PEYGAMBERE BAĞLILIK
Mekke’nin fethinden sonra İslâm’ı kabul edenler arasında Hz. Ebû Bekir’in babası Ebû Kuhâfe de bulunuyordu. Yaşı sekseni aşmış, âmâ bir kişi olan Ebû Kuhâfe, Hz. Peygamber’in huzurunda hidayete ermekte geç kalmışlığını telâfi edercesine aşkla kelime-i şahadet getiriyordu.

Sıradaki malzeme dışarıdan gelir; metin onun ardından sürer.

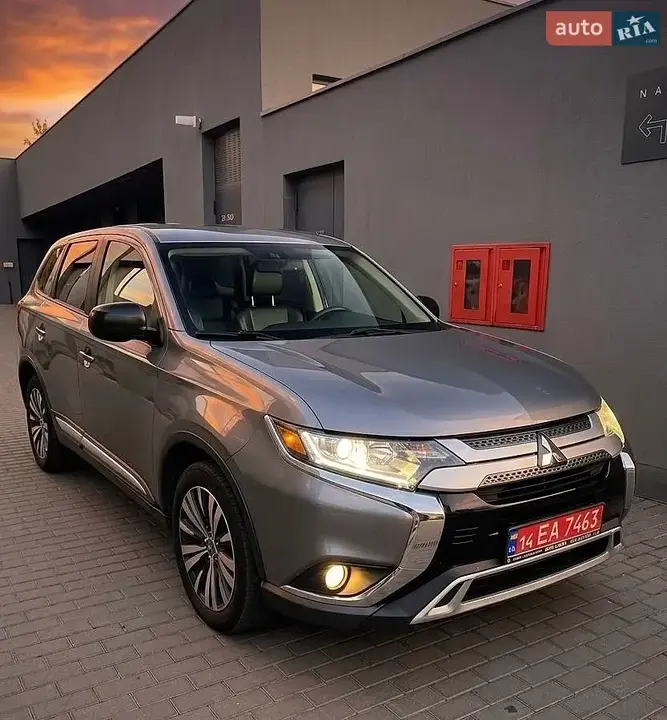Mitsubishi Outlander 2019 photo 3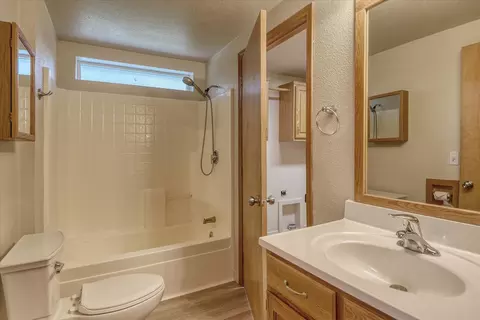 Bath - 18318 N Atlantic Rd, Colbert, WA 99005 photo 3 of 3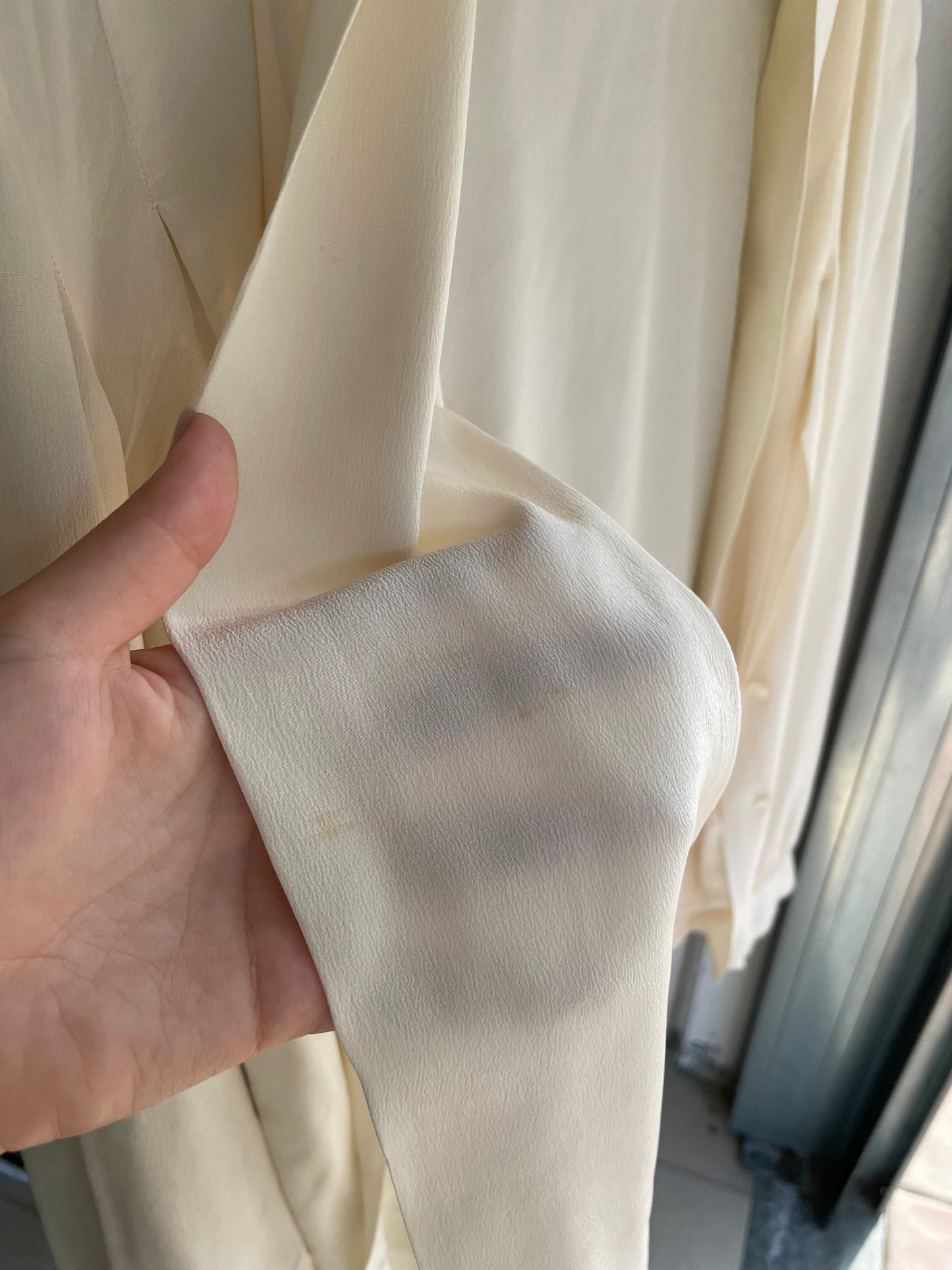 Camicia sartoriale 100% seta panna - nodo frontale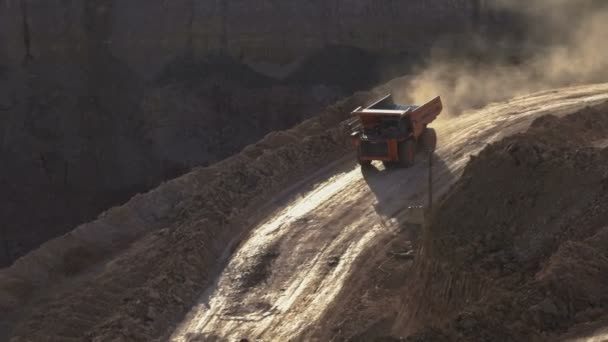 Mitte Aufnahme von schweren Bergbaulastwagen, die Ladung im Tagebau transportieren, an einem sonnigen Sommertag. Bouxit-Steinbruch. — Stockvideo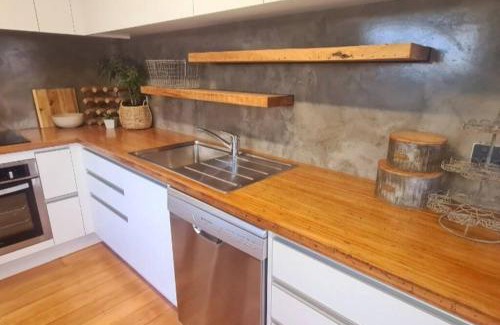 Blenheim Apartment | Modern Loft Apartment 5 at Haddin Court - Family Friendly Stay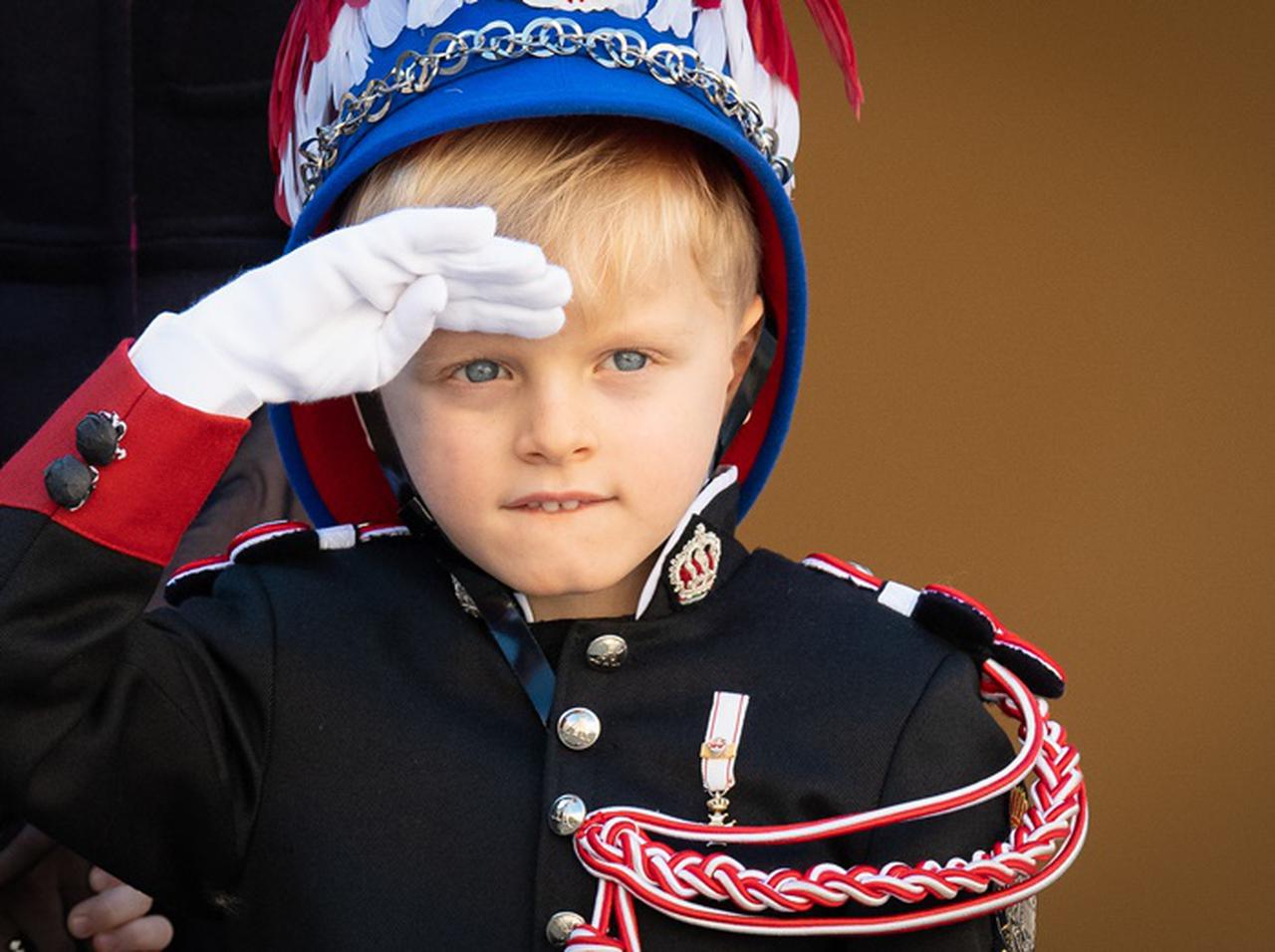 モナコの建国記念日にジャック公子が制服を着て登場!びしっと敬礼する姿も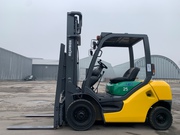 Вилочный погрузчик Komatsu с боковым смещением. Модель: FG25C-15.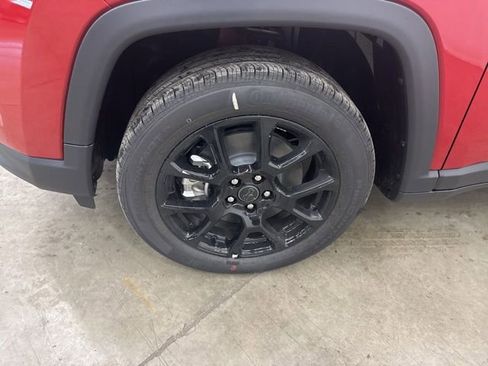 New 2026 Jeep Compass Latitude image 4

Bu esnada sevinmesi gereken “Sıddıyk” (yürekten tasdik edip, sorgusuz sualsiz bağlanan) lakaplı Ebû Bekir ağlıyordu. Fakat bu ağlayış bir sevinç ağlayışı değil üzüntü ağlayışıydı. Bu, meclisteki herkesin hayretine sebep olmuştu. Sordular :
– Ey Ebû Bekir, neden sevinilecek bir günde gözyaşı döküyorsun? Cevap verdi :
– Allah’ın Resulünün en büyük arzusu amcası Ebû Talibin Müslüman olmasıydı. Fakat bu dileği bir türlü gerçekleşmedi. Ben isterdim ki şu anda benim babamın yerinde şahadet getiren Ebû Talib olsun, babamın Müslüman olmasından dolayı benim gönlüm hoşnut olacağına, amcasının Müslüman olmasından dolayı Allah Resulünün gönlü hoşnut olsun. İşte bu olmadığı için ağlıyorum.